Alamo now counterattacks his detractors in Fouke regularly on his radio broadcasts, suggesting that God will exterminate his "Vaticanite" detractors.
"Now God said he's going to destroy those people, all of them," Alamo said in one rambling diatribe this summer. "God is going to get them. They're going to get cut down one of these days."
Cult expert and deprogrammer Steve Hassan, the author of Combating Cult Mind Control, has followed the activities of the Alamo cult since Alamo's release from prison in 1998. Like many others, he is surprised Alamo is still free.
"Tony Alamo is power-hungry, deluded, paranoid and exploitative, certainly as far as what he's doing with young girls," says Hassan. "I don't know if law enforcement is either corrupt or [too] nervous to pursue him."
Officials with the Arkansas State Police, where ex-followers have made a series of complaints against Alamo in recent years, would not say if the cult leader is under investigation. "As a matter of policy, the Arkansas State Police does not address questions or publicly discuss elements of any investigation that may be open," said spokesman Bill Sadler.

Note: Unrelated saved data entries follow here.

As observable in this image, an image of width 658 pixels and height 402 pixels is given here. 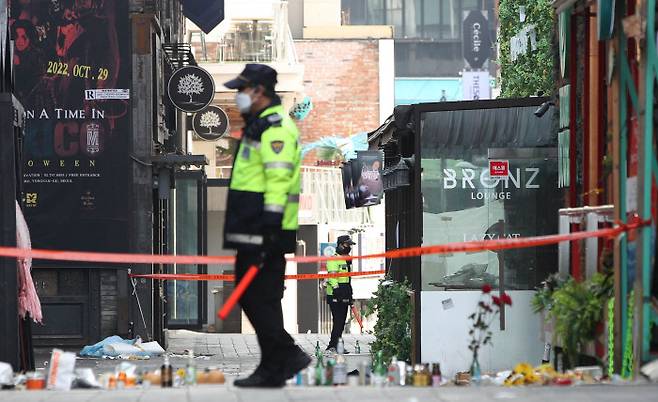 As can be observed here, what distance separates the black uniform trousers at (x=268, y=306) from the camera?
1085cm

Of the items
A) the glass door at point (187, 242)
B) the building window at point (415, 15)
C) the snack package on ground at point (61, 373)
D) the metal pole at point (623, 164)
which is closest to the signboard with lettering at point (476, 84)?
the building window at point (415, 15)

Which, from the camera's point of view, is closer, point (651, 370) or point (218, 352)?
point (651, 370)

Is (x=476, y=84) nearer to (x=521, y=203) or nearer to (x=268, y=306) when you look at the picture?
(x=521, y=203)

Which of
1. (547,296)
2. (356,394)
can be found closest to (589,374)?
(547,296)

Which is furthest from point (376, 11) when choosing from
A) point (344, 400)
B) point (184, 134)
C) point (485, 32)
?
point (344, 400)

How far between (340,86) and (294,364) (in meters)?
58.4

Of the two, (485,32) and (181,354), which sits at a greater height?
(485,32)

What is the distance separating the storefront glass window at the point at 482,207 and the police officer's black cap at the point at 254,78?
7302 mm

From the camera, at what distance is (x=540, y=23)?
3000cm

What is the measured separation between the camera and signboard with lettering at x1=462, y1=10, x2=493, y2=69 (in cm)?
8100

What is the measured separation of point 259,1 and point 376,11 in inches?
1753

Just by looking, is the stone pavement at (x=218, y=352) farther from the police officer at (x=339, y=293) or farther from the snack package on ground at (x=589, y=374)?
the snack package on ground at (x=589, y=374)

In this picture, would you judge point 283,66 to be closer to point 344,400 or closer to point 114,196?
point 114,196

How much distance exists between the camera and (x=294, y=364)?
11.1 m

So, for now, Fouke residents and ex-Alamo followers plan to continue turning up the heat in hopes of bringing increased scrutiny to Tony Alamo Christian Ministries and its leader. "I'd like to see him arrested immediately," Susan Groulx says. "There's no reason why he should be free and no reason why this should drag on any longer."
EDITOR'S NOTE Based on evidence compiled recently by the Intelligence Report, the Southern Poverty Law Center is adding Tony Alamo Christian Ministries to its list of hate groups. Future listings will include active chapters of the group.